Solution:

Given, a fair dice is tossed repeatedly until six shows up 3 times.

Let X be the number of tosses needed to get 3 sixes.

We need to find the probability that exactly 5 tosses are needed.

To find this, we need to consider the following cases:

Case 1: The first four tosses do not result in 3 sixes

In this case, the first four tosses can result in any number other than six. The probability of getting any number other than six in one toss is 5/6. Hence, the probability of getting any number other than six in four tosses is (5/6)^4.

The fifth toss must be a six, so the probability of getting a six in one toss is 1/6.

Hence, the probability of getting 3 sixes in exactly 5 tosses given the first four tosses do not result in 3 sixes is (5/6)^4 × 1/6 = 25/7776.

Case 2: The first four tosses result in exactly 1 six

In this case, the first four tosses can result in any number other than six twice and a six once. The probability of getting any number other than six in one toss is 5/6, and the probability of getting a six in one toss is 1/6. Hence, the probability of getting exactly 1 six in four tosses is 4 × (5/6)^3 × 1/6.
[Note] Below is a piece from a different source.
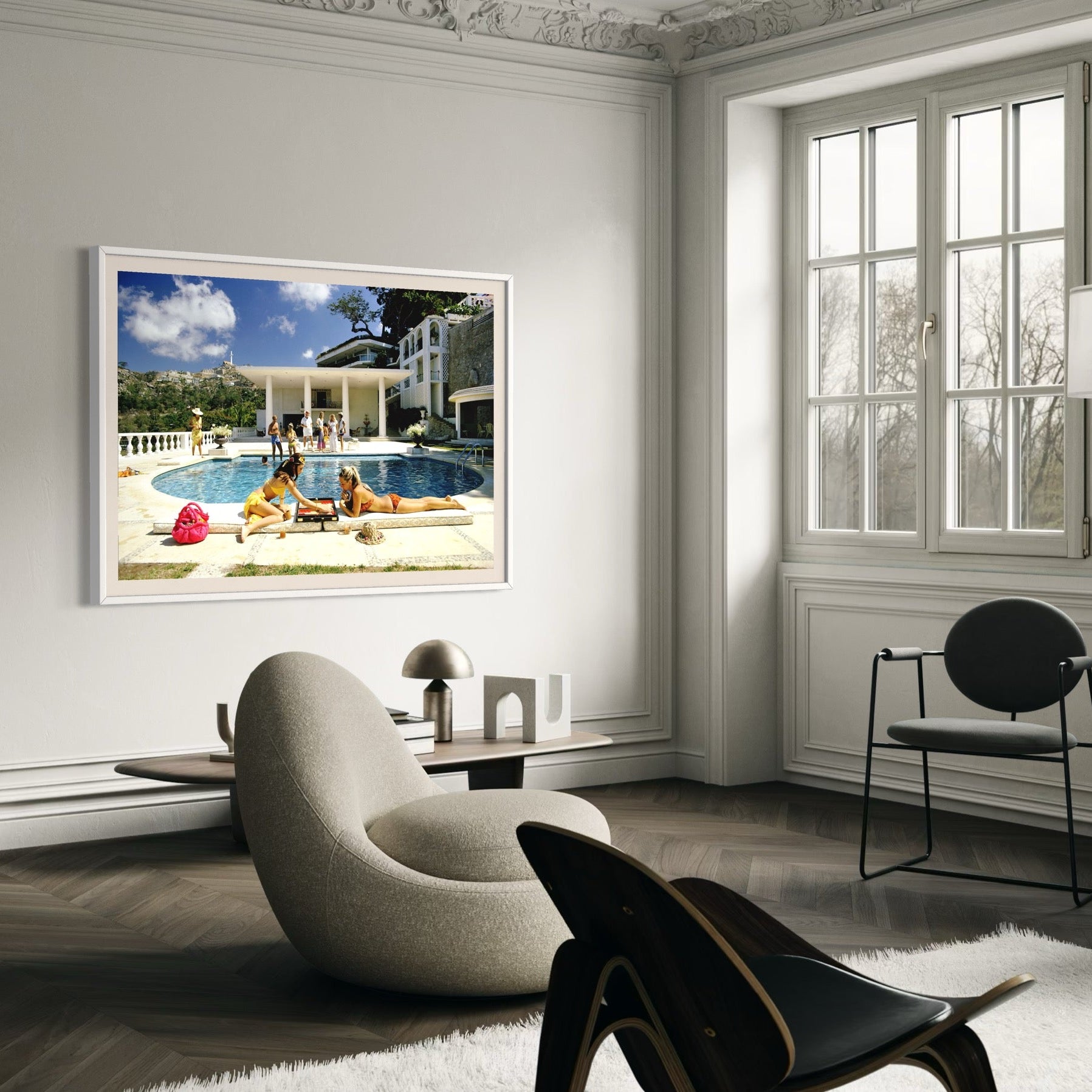 Living room with a large framed picture of a pool scene on the wall.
The fifth toss must be a six, so the probability of getting a six in one toss is 1/6.

Hence, the probability of getting 3 sixes in exactly 5 tosses given the first four tosses result in exactly 1 six is 4 × (5/6)^3 × 1/6 × 1/6 = 5/486.

Case 3: The first four tosses result in exactly 2 sixes

In this case, the first four tosses can result in any number other than six once and a six twice. The probability of getting any number other than six in one toss is 5/6, and the probability of getting a six in one toss is 1/6. Hence, the probability of getting exactly 2 sixes in four tosses is 6 × (5/6)^2 × (1/6)^2.

The fifth toss must be a six, so the probability of getting a six in one toss is 1/6.

Hence, the probability of getting 3 sixes in exactly 5 tosses given the first four tosses result in exactly 2 sixes is 6 × (5/6)^2 × (1/6)^2 × 1/6 = 25/648.

Case 4: The first four tosses result in exactly 3 sixes

In this case, the first four tosses must result in exactly 3 sixes, so the probability of this happening is (1/6)^3 = 1/216.

The fifth toss must not be a six, so the probability of getting any number other than six in one toss is 5/6.

Hence, the probability of getting 3 sixes in exactly 5 tosses given the first four tosses result in exactly 3 sixes is (1/6

P(6 showing up) = 1/6= x

At 5th toss, we should get the 3rd '6' so that the process terminates.

In other words, we should get 2 sixes before the fifth toss. (I.e in four tosses)

Required probability= (1/6 *1/6)* (1-1/6)*(1-1/6).